Stored items from a collection:
****
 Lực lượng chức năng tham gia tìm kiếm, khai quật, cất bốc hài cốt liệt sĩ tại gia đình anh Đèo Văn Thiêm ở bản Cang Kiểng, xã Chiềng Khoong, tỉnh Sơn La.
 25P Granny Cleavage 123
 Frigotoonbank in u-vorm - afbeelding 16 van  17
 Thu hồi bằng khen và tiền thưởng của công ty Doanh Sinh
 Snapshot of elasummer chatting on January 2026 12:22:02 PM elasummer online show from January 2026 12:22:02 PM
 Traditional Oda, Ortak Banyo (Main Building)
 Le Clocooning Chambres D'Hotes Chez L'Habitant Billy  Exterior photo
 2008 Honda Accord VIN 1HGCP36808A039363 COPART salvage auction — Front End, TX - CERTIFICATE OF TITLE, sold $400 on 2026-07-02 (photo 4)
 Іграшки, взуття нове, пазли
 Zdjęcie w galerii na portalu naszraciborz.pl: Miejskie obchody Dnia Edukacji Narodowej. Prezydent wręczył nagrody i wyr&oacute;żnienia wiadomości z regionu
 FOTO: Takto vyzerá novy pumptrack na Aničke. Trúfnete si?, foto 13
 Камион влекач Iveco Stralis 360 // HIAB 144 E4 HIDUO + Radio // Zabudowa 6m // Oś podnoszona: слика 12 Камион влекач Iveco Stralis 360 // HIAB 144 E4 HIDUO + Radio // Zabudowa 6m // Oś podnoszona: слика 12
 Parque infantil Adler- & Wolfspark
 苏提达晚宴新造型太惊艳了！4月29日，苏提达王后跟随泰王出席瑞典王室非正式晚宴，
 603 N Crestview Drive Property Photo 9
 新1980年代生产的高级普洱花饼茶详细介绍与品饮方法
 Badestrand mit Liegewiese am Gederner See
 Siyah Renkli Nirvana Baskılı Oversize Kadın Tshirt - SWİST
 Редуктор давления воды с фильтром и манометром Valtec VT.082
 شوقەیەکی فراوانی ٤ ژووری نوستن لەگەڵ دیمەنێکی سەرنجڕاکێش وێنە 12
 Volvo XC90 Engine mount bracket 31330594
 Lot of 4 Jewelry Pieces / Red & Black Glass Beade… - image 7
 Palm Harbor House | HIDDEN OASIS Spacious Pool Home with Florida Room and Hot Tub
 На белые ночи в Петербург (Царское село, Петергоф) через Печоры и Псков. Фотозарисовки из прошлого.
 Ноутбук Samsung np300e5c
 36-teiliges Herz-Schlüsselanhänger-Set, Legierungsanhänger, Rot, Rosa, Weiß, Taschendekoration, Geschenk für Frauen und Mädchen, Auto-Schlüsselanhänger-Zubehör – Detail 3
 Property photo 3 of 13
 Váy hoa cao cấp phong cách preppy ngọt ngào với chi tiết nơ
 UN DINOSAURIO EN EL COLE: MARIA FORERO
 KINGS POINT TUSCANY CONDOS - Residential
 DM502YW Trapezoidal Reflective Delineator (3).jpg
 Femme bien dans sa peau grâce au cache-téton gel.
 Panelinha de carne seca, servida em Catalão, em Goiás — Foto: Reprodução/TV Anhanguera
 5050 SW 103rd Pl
****
--- PROBLEM TO SOLVE ---
When copying the data above, please keep exactly the lines from its first line through the line with "Ноутбук Samsung np300e5c", both ends included, and drop the rest.

--- RESULT FOR THIS EXERCISE ---
 Lực lượng chức năng tham gia tìm kiếm, khai quật, cất bốc hài cốt liệt sĩ tại gia đình anh Đèo Văn Thiêm ở bản Cang Kiểng, xã Chiềng Khoong, tỉnh Sơn La.
 25P Granny Cleavage 123
 Frigotoonbank in u-vorm - afbeelding 16 van  17
 Thu hồi bằng khen và tiền thưởng của công ty Doanh Sinh
 Snapshot of elasummer chatting on January 2026 12:22:02 PM elasummer online show from January 2026 12:22:02 PM
 Traditional Oda, Ortak Banyo (Main Building)
 Le Clocooning Chambres D'Hotes Chez L'Habitant Billy  Exterior photo
 2008 Honda Accord VIN 1HGCP36808A039363 COPART salvage auction — Front End, TX - CERTIFICATE OF TITLE, sold $400 on 2026-07-02 (photo 4)
 Іграшки, взуття нове, пазли
 Zdjęcie w galerii na portalu naszraciborz.pl: Miejskie obchody Dnia Edukacji Narodowej. Prezydent wręczył nagrody i wyr&oacute;żnienia wiadomości z regionu
 FOTO: Takto vyzerá novy pumptrack na Aničke. Trúfnete si?, foto 13
 Камион влекач Iveco Stralis 360 // HIAB 144 E4 HIDUO + Radio // Zabudowa 6m // Oś podnoszona: слика 12 Камион влекач Iveco Stralis 360 // HIAB 144 E4 HIDUO + Radio // Zabudowa 6m // Oś podnoszona: слика 12
 Parque infantil Adler- & Wolfspark
 苏提达晚宴新造型太惊艳了！4月29日，苏提达王后跟随泰王出席瑞典王室非正式晚宴，
 603 N Crestview Drive Property Photo 9
 新1980年代生产的高级普洱花饼茶详细介绍与品饮方法
 Badestrand mit Liegewiese am Gederner See
 Siyah Renkli Nirvana Baskılı Oversize Kadın Tshirt - SWİST
 Редуктор давления воды с фильтром и манометром Valtec VT.082
 شوقەیەکی فراوانی ٤ ژووری نوستن لەگەڵ دیمەنێکی سەرنجڕاکێش وێنە 12
 Volvo XC90 Engine mount bracket 31330594
 Lot of 4 Jewelry Pieces / Red & Black Glass Beade… - image 7
 Palm Harbor House | HIDDEN OASIS Spacious Pool Home with Florida Room and Hot Tub
 На белые ночи в Петербург (Царское село, Петергоф) через Печоры и Псков. Фотозарисовки из прошлого.
 Ноутбук Samsung np300e5c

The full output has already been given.